Beatrice: Essere uguali è impossibile. Non bisogna neanche aspirare ad essere uguali. Non ha senso omologarsi ad altri compagni o amici. Si può aspirare ad avere certe virtù o certe capacita di altri. Cos’è la normalità, essere una ragazza “normale”? Non ci sono parametri oggettivi e sostanziali per dire che uno è normale o che io sono normale. Dobbiamo sviluppare la nostra persona nella sua individualità, nella sua identità, questo è ciò cui aspiro a cui io tendo.

Carolina: Le disuguaglianze esisteranno sempre ed è un bene perché esse permettono di differenziarci e di rendere più bello il mondo. Il mondo è bello perché è vario. Anche io dico che è normale ammirare e ispirarsi a qualcun altro. Questo serve per spronarsi a migliorare. Stare insieme vuol dire aiutarsi, accettarsi e far sì che uno venga accettato per ciò che realmente è, per le sue qualità e per i suoi limiti.

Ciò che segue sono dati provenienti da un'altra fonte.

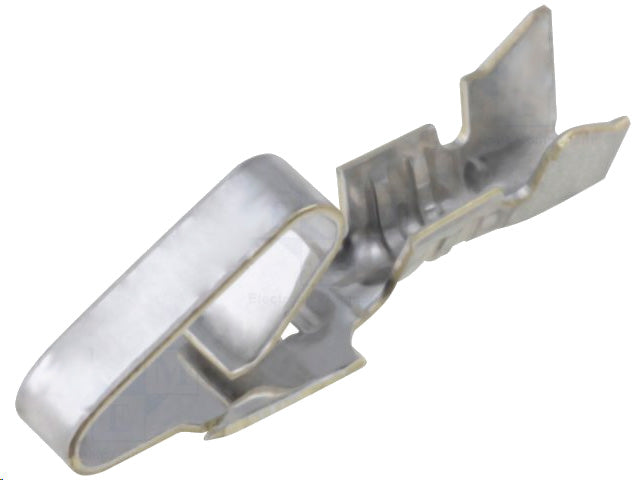 Kontaktben til KK 396 stik - Hun, 0,5-1mm² (10 stk.)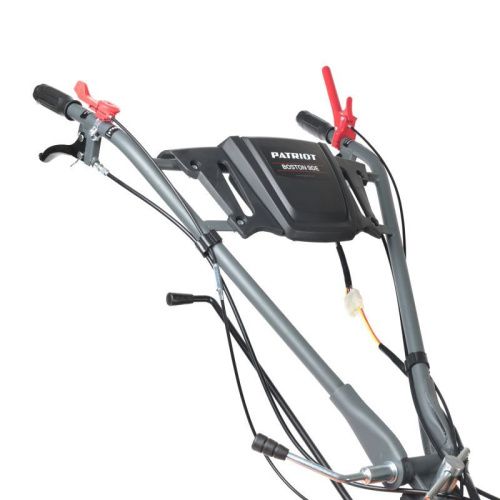 Мотоблок дизельный Patriot Boston 9 DE-Tehinstrument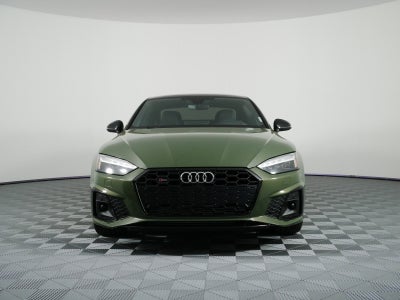 2020 Audi S5 Coupe Prestige AWD *CLEAN CARFAX*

Anna: L’uguaglianza davanti alla legge è un risultato non da poco nella legislazione e nella civiltà giuridica di un paese. Molti maggiori problemi pone l’eguaglianza sostanziale perché questa interferisce con il pensiero e la cultura di un popolo. Se perseguire una uguaglianza sostanziale tra le persone può avere come intento o come conseguenza quello di omologarne il pensiero, allora si persegue un intento sbagliato che urta contro il riconoscimento della libertà di pensiero e si rischia di costringere tutti ad essere uguali nel peggiore dei modi, ad essere cioè servi del potere costituito.

Kawthar: Dio ci ha creati tutti in modo che avessimo una singolarità e una differenziazione da tutte le altre specie della creazione: noi siamo una particolare specie, la specie umana. Dentro di essa vi sono genti di razze differenti. Dentro di essa ci sono tante differenze. Per esempio io ho diverse sorelle. Anche se ci assomigliamo in certe cose, siamo profondamente diverse. Dio non ci ha create uguali. E se fossimo tutte uguali non ci sarebbe neppure vita in noi, nella nostra famiglia, nelle nostre comunità.

Nonno Paolo:

La morale del discorso

Quale la morale del nostro discorso, ragazzi?

Dobbiamo desiderare di essere guidati, -anche noi adulti, notate bene- da dei maestri che sappiano educarci.

Dobbiamo prendere atto dei poteri attuali dello Stato. Guardate ad esempio adesso come, per ordine dello Stato, siamo tutti costretti a vivere a casa.

Dobbiamo combattere i privilegi assistiti dalla legge.

Dobbiamo sostenere tutte le forme di solidarietà e di aiuto che si sviluppano nella società e impegnarci in esse.

Dobbiamo sostenere il ruolo sussidiario dello Stato quando la solidarietà dei cittadini non riesce a provvedere.

Dobbiamo sostenere l’integrazione degli stranieri e dei migranti nella nostra società. Dobbiamo insegnare e praticare una cultura dell’umano valida per tutti e un’espressione artistica che valorizzi l’umano. In questo dobbiamo essere il più possibile aperti cercando di capire e di valorizzare tutte le autentiche espressioni culturali e artistiche.